== ABOUT THIS TASK ==
Quote the whole listing word for word. Do not include the pictures.

== MATERIAL PROVIDED ==
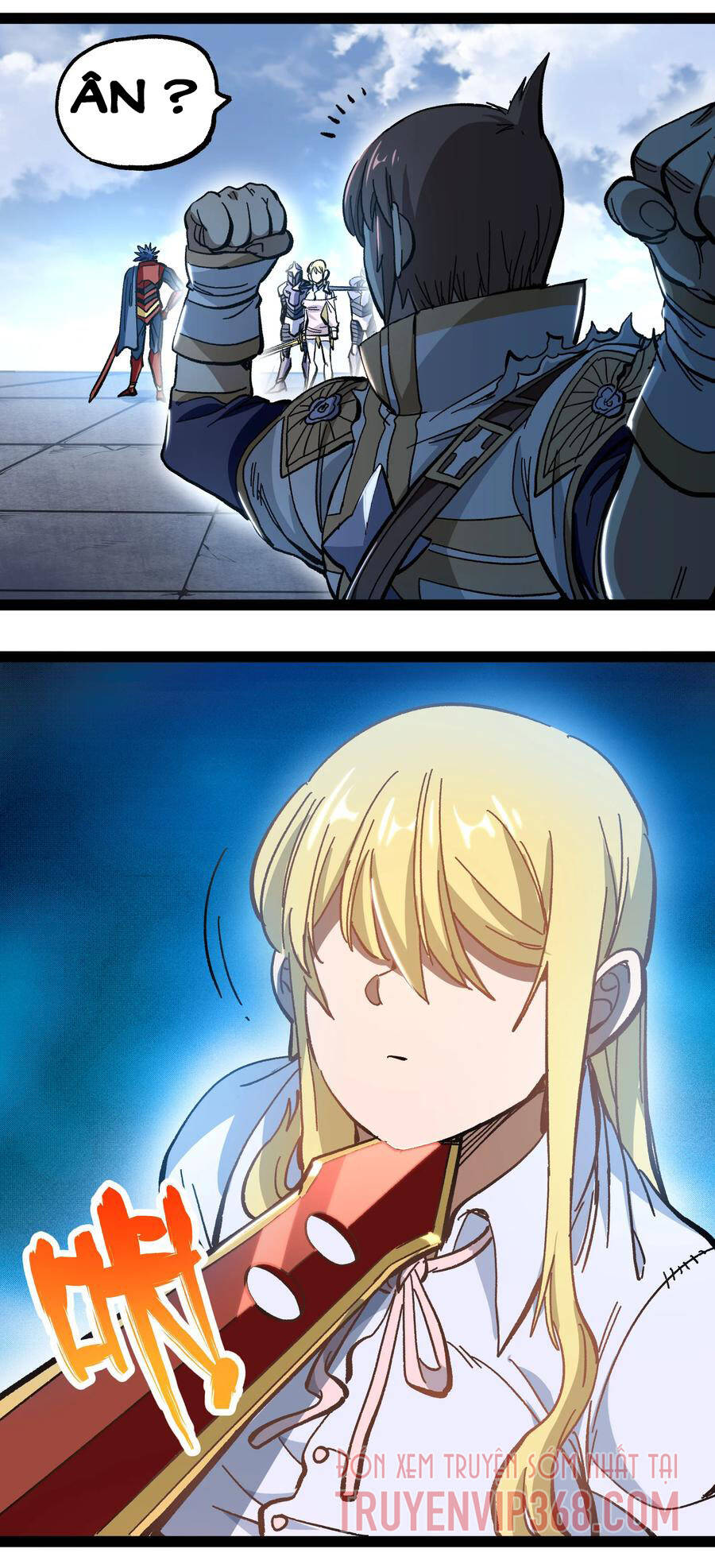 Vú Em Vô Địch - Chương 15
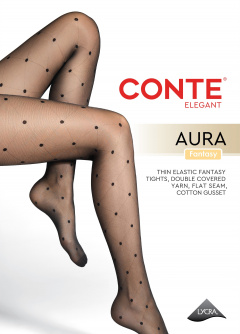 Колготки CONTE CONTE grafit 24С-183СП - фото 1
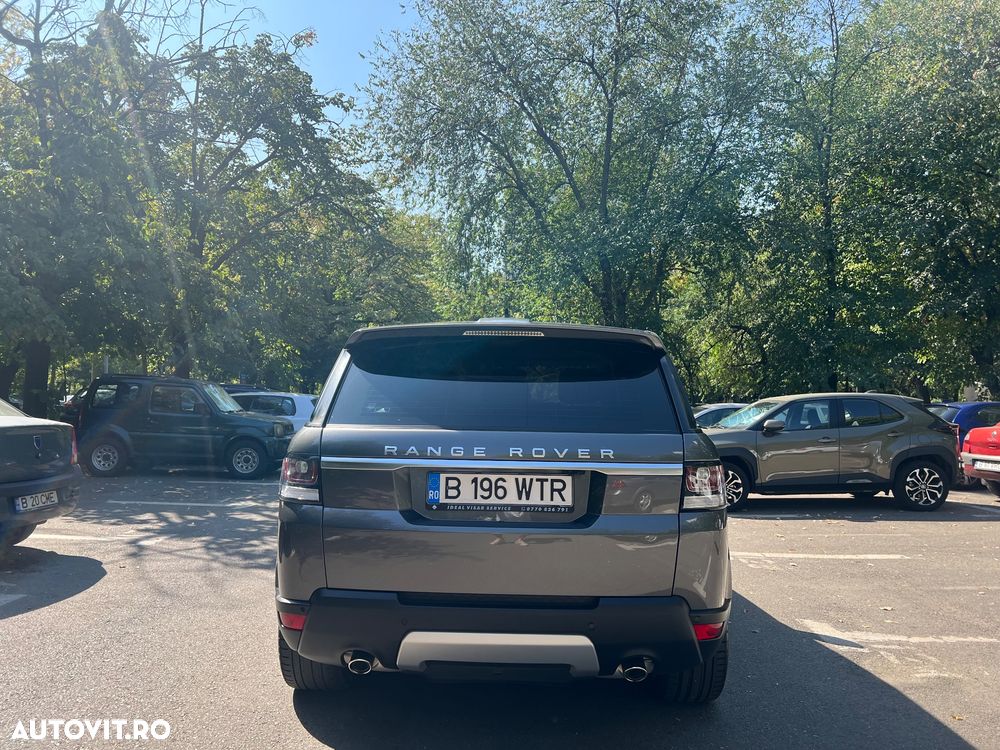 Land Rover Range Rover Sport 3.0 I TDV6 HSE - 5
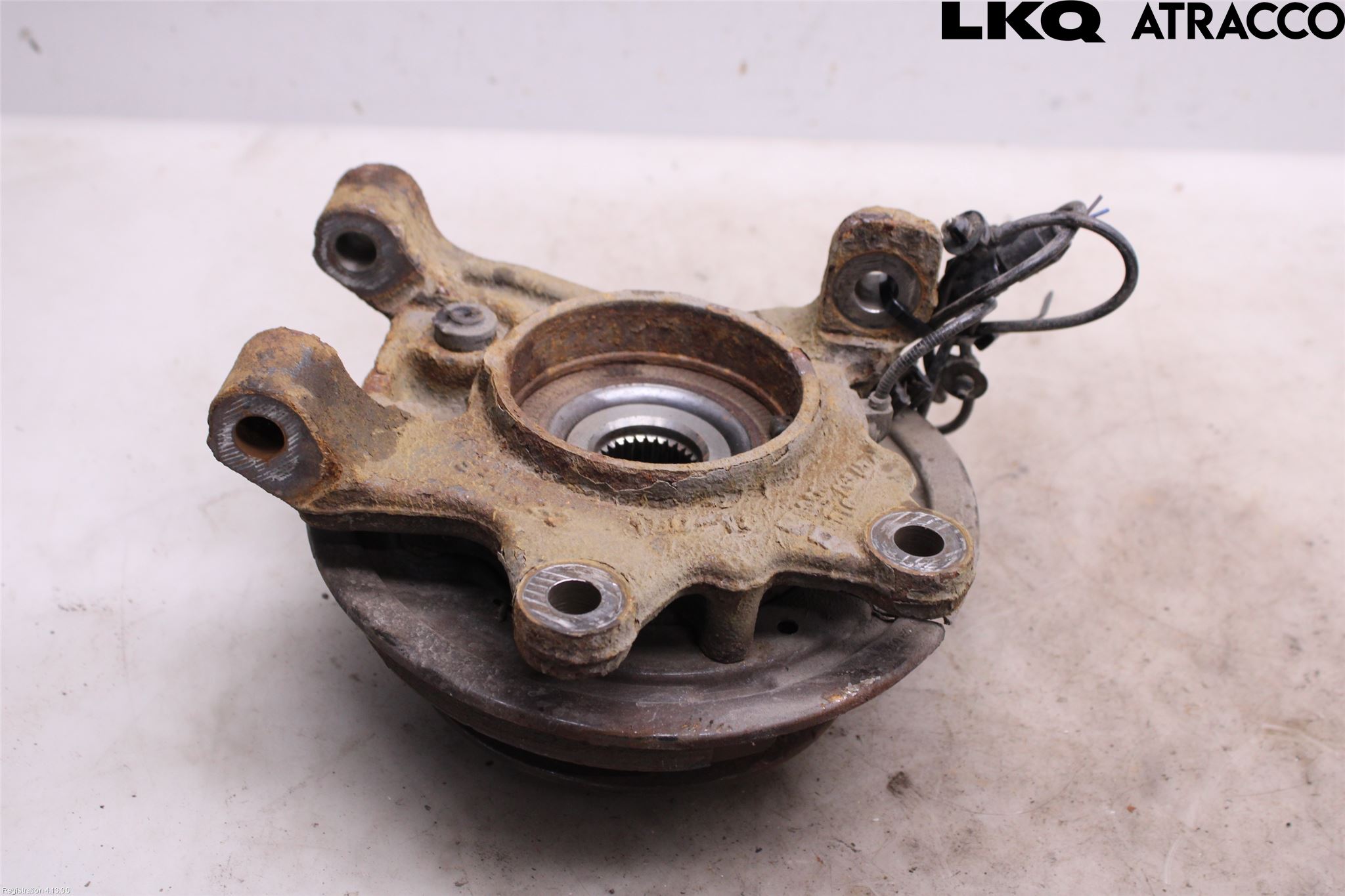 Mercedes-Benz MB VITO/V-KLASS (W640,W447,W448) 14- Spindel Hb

== RESPONSE TO THE TASK ==
 Vú Em Vô Địch - Chương 15
 Колготки CONTE CONTE grafit 24С-183СП - фото 1
 Land Rover Range Rover Sport 3.0 I TDV6 HSE - 5
 Mercedes-Benz MB VITO/V-KLASS (W640,W447,W448) 14- Spindel Hb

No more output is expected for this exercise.